The water in Ladram Bay was such as I had not seen before. Mainly, it was clean, and then it was green, rather than the brown of the sea at St.Annes. There was a huge pillar like rock arising from the water at one spot. We were told to remain in one section of the beach, and this rock was in 'our' section. We had races from the rock to the shore. As I said earlier, the weather was wonderful. The two hour sessions we were allowed in the water passed like minutes. Why on earth would we even think of war?

On one or two afternoons, shore leave was granted. Some boys walked as far as Sidmouth. (I still don't know how far that would have been, but it was regarded as being a long way). I only qualified for one shore leave - I was third class with one stripe - and we only walked locally. It all made a wonderful change, and I know we all relished the difference. We did have one or two camp fires with sing songs - usually led by Mr. 'Fishy' Littlejohn who was the music teacher, and who had the sort of voice which encouraged one to sing along.

Alas, this idyllic life style was brought to an abrupt end one afternoon when Captain Evans assembled us all to tell us that regretfully, all boys would have to return to Portishead tomorrow. A clean up party would remain to pack up the tents and equipment. The reason was that a declaration of war was a distinct possibility, and in such an event, all boys should be back at the school.

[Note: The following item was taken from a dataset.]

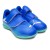 Chuteira Futsal Puma Future 7 Play IT V PS Azul / Verde
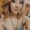 Photo of Ashley R.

Still, the full impact of what might be the implications of war didn't occur to us. How could it?-even at that moment it was to us, something which was going to happen 'out there'. As far as we were concerned, war was interrupting a wonderful camping holiday, the likes of which we - first time campers - had never experienced before, nor would we - as things turned out - experience it again.

Our journey back was the reverse (in every sense) of the journey to camp. The weather was awful, our morale was practically zero. For good measure, when we finally reached Portishead, there were no lorries waiting for us. This in itself was no great hardship for us, we were used to walking the distance to the school, but today, it was pouring with rain!

My most vivid recollection of that day, was one which sent a small chill up my spine As we walked away from the station, to our left was the Portishead dock, and the great electric power generating station. This was a massive square shaped building, with a huge chimney at one end. Along the top of the flat roof, we could see soldiers quite clearly pacing up and down. They wore capes against the rain, they also had on steel helmets, and rifles shouldered as they paced. It was our first sight of soldiers doing their job in earnest. We found out later they were 'Territorials', a sort of volunteer reserve army. As far as we were concerned, it was the first sign that someone, somewhere, really meant business.

The rain was forgotten, we speculated on the reason for such an overt show of arms. Some thought that war had already been declared. We even asked the officers if such was the case - they thought it unlikely. Despite this assurance, we continued to speculate, using the wild imagination of boys. One of our more fanciful speculations being that the power station was of such importance, that we would probably be invaded at this point. The fact that there were dozens of really important targets in much more accessible geographical locations for the Germans to invade, completely escaped us. Our collective imagination, irrational as it may have been, could not stretch beyond the evidence of our eyes, and that was the power station in a state of siege!

After our sudden and dramatic return from camp, taking place as it did, in the last week of August 1939, we did not have long to wait before the reality of the rumours occurred, namely, war being declared.